━━━ MATERIAL PROVIDED ━━━
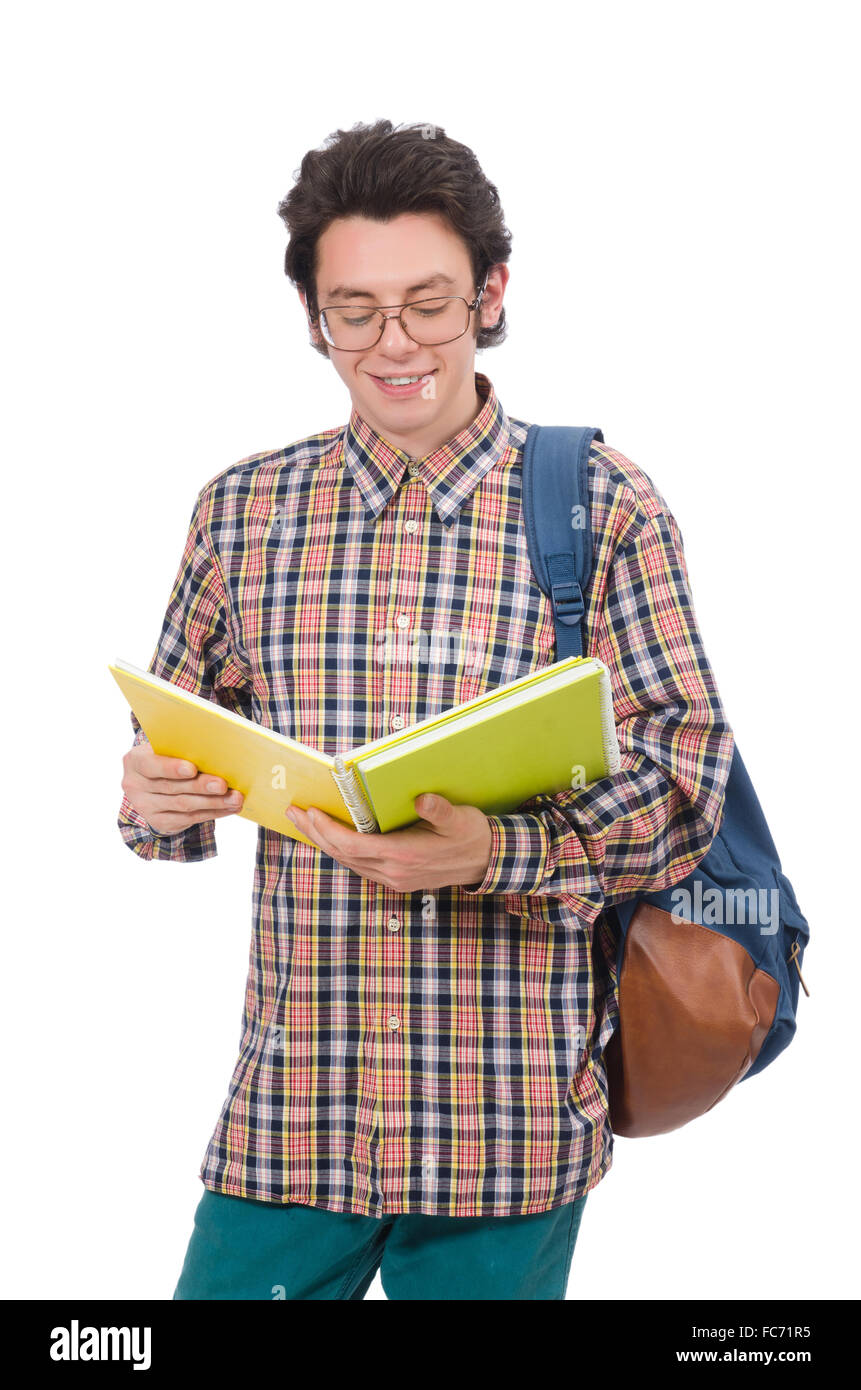 Student with books isolated on white Stock Photo - Alamy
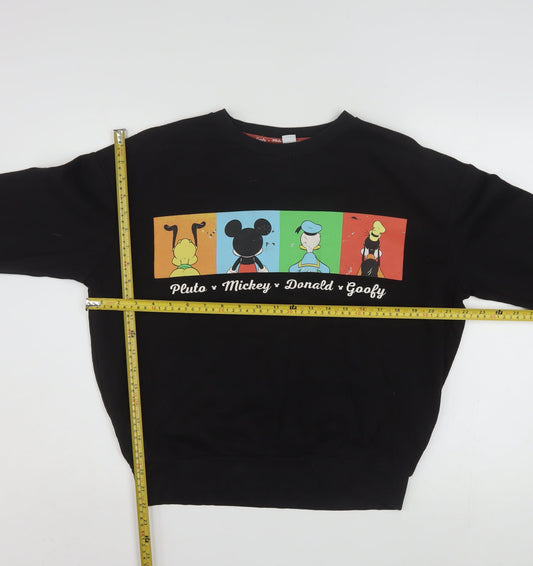 Disney Women's Black Small Mickey Pluto Donald Goofy Sweatshirt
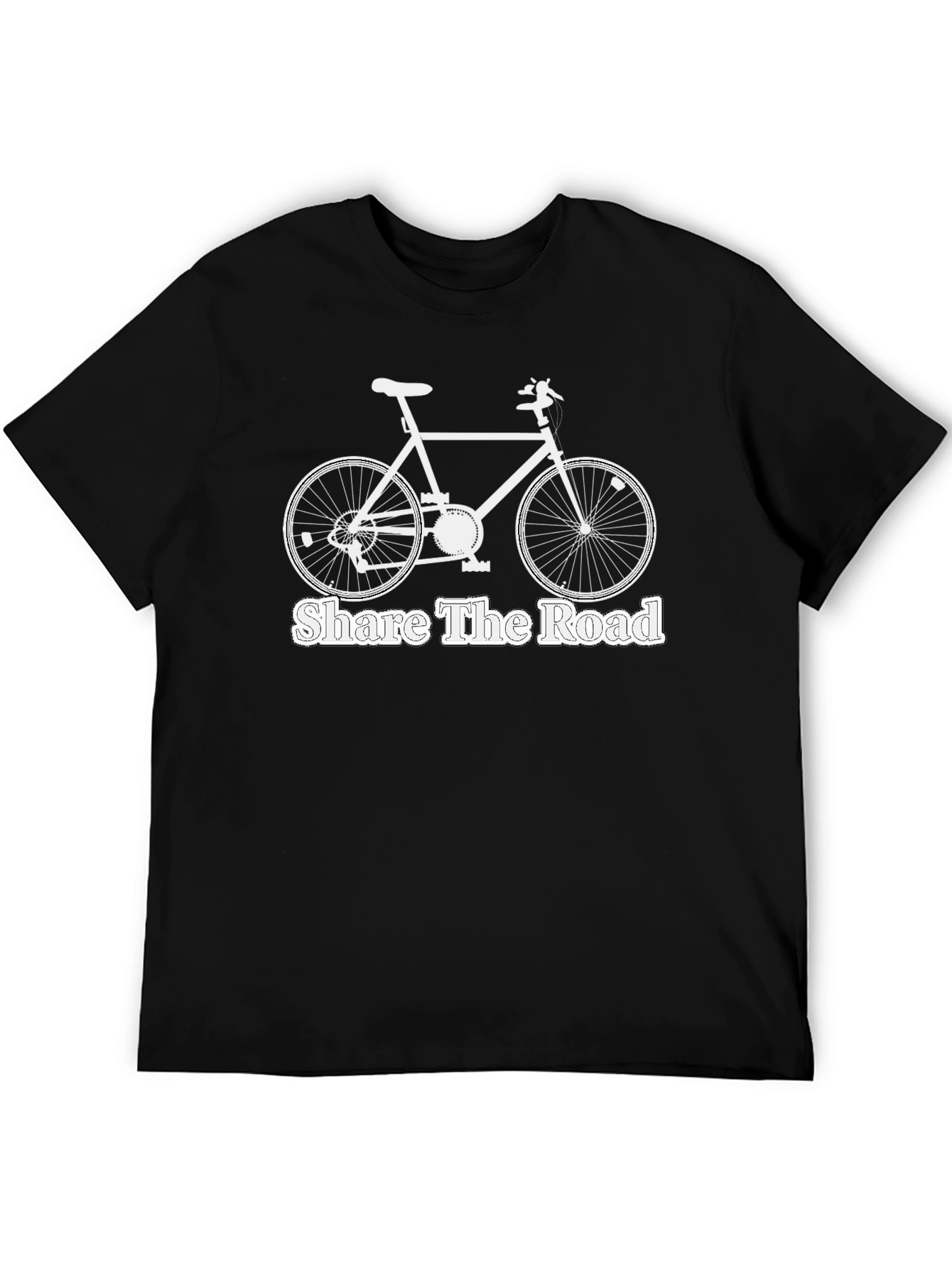 Share The Road Bicycle Graphic Tee - Black Cotton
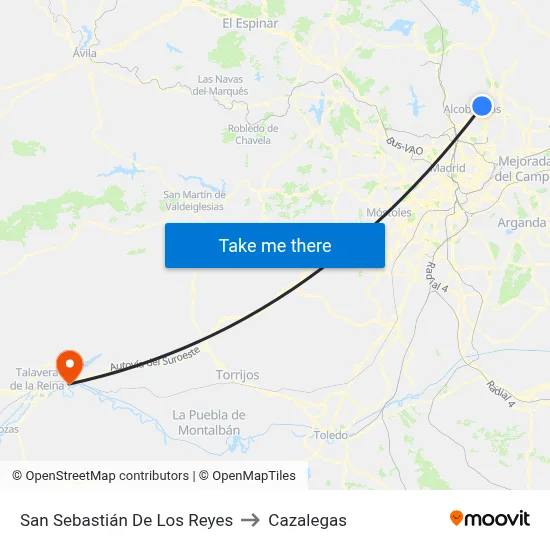 San Sebastián De Los Reyes to Cazalegas map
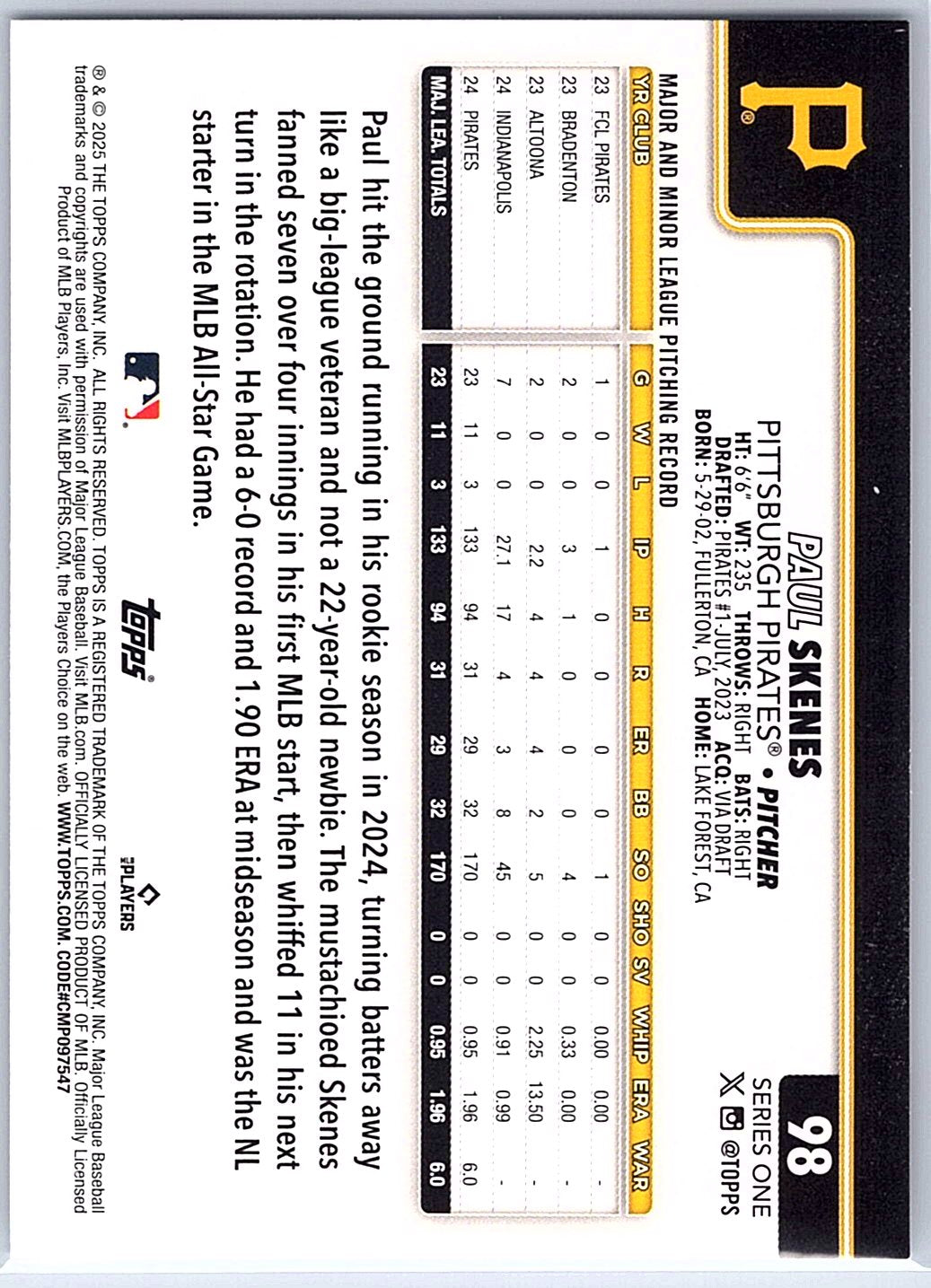 2025 Topps #98 Paul Skenes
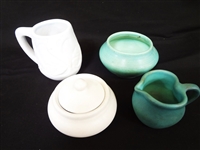 Van Briggle Moonglo and Ming Blue Pottery Group of Four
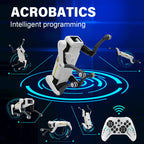 Voice controlled robotic dog toy performing sit, roll over and handshake commands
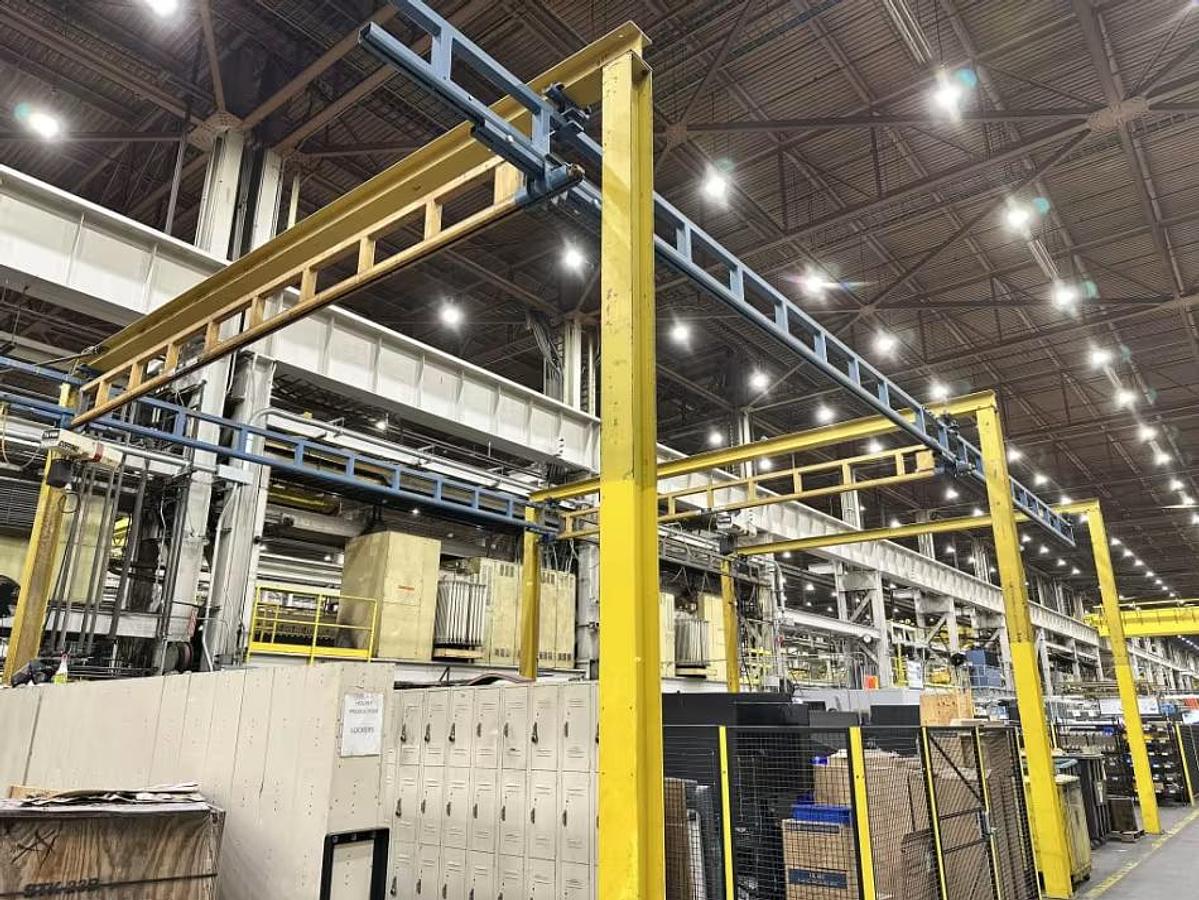 Used 1000# Gorbel 25' Span x 45' Free Standing Twin Bridge Crane System & 1/4 Ton Hoists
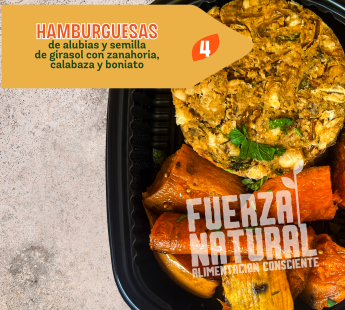 4 – HAMBURGUESAS de alubias y semillas de girasol con zanahoria, calabaza y boniato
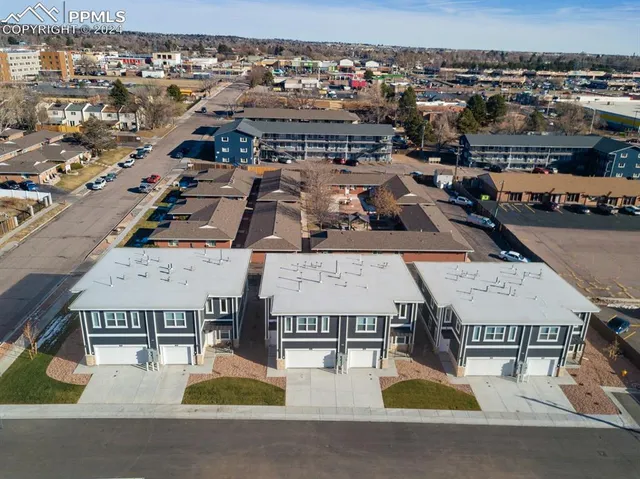 an aerial view of a city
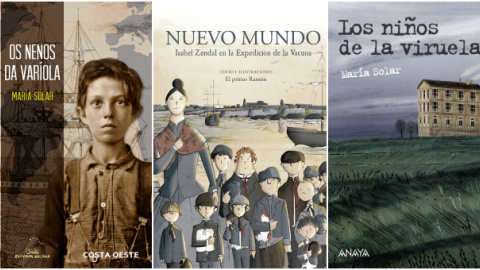 La novela juvenil 'Los niños de la viruela', de María Solar, y el cómic 'Nuevo mundo', de El Primo Ramón.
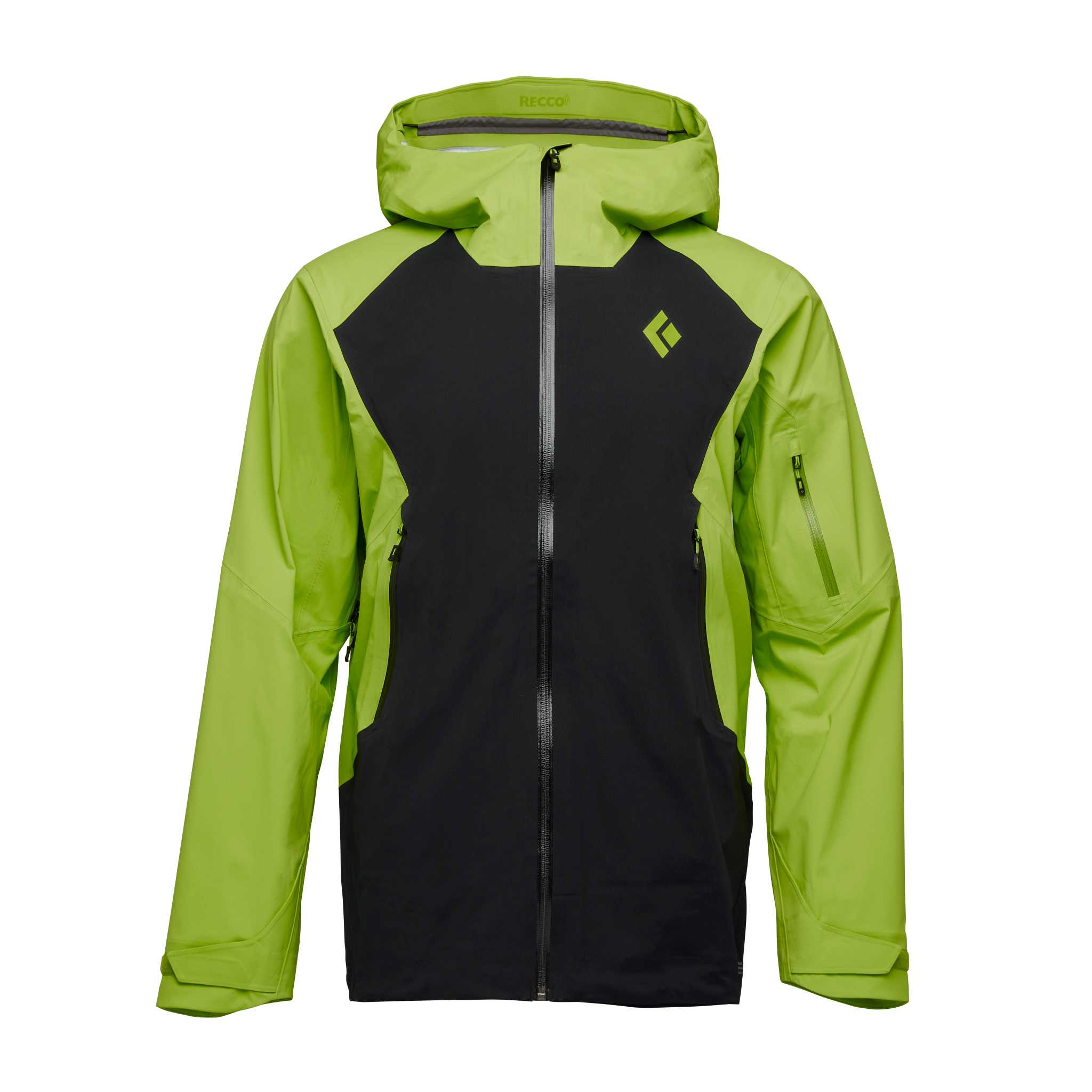 Black Diamond Equipment Men's Recon LT Stretch Shell Jacket, Medium Black/Lime Green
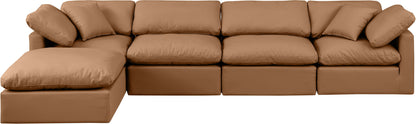 Indulge - Faux Leather 5 Piece Modular Sectional With Chaise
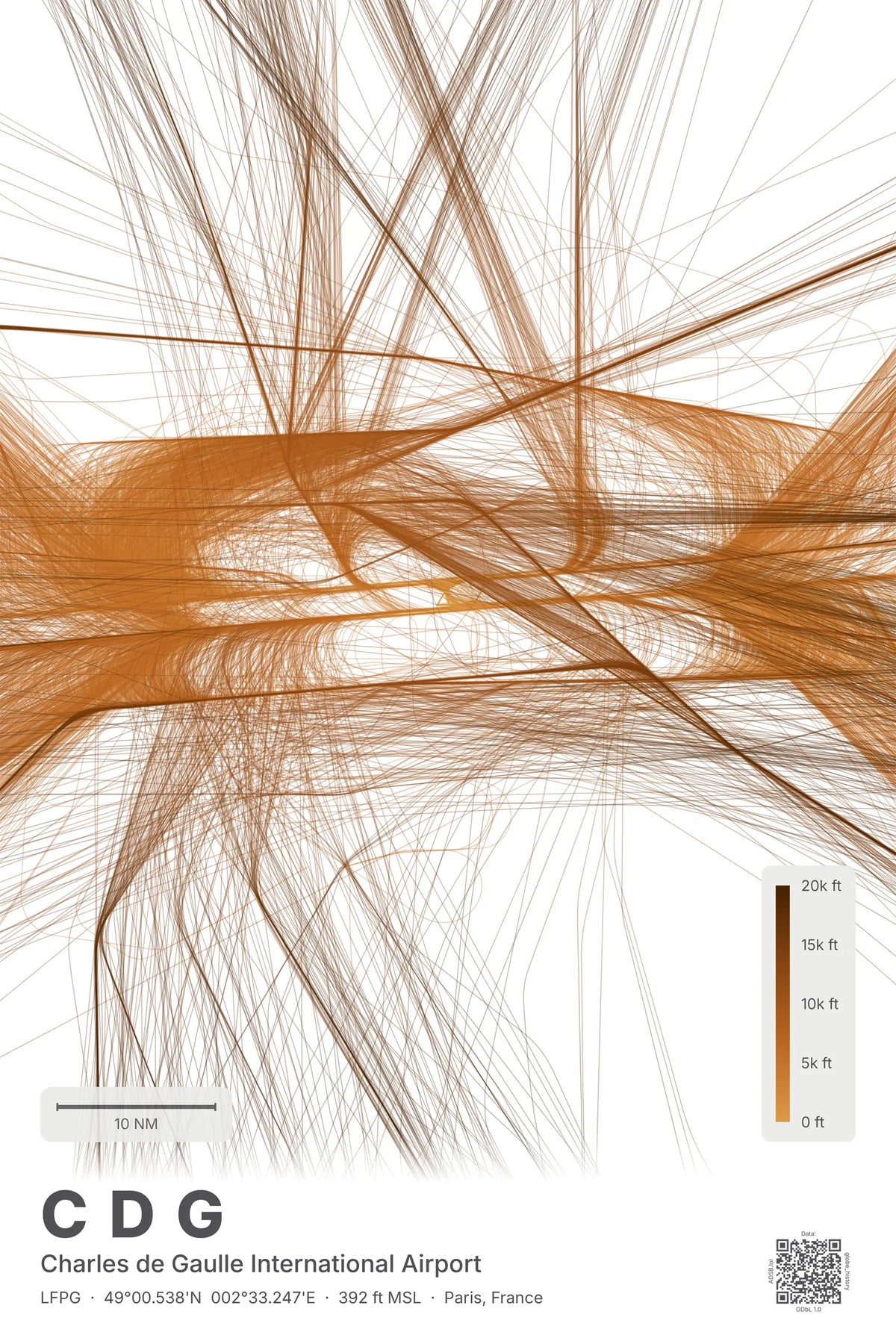 CDG flight path map — Solana theme · Light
━━━
TASK REQUIREMENTS
Retyped exactly, the lines from the one holding "Disney Women's Black" through the last line of the data above are the whole answer. Pictures stay out.

SOLVED PROBLEM
 Disney Women's Black Small Mickey Pluto Donald Goofy Sweatshirt
 Share The Road Bicycle Graphic Tee - Black Cotton
 San Sebastián De Los Reyes to Cazalegas map
 2025 Topps #98 Paul Skenes
 Van Briggle Moonglo and Ming Blue Pottery Group of Four
 Voice controlled robotic dog toy performing sit, roll over and handshake commands
 Used 1000# Gorbel 25' Span x 45' Free Standing Twin Bridge Crane System & 1/4 Ton Hoists
 4 – HAMBURGUESAS de alubias y semillas de girasol con zanahoria, calabaza y boniato
 an aerial view of a city
 La novela juvenil 'Los niños de la viruela', de María Solar, y el cómic 'Nuevo mundo', de El Primo Ramón.
 Black Diamond Equipment Men's Recon LT Stretch Shell Jacket, Medium Black/Lime Green
 Indulge - Faux Leather 5 Piece Modular Sectional With Chaise
 CDG flight path map — Solana theme · Light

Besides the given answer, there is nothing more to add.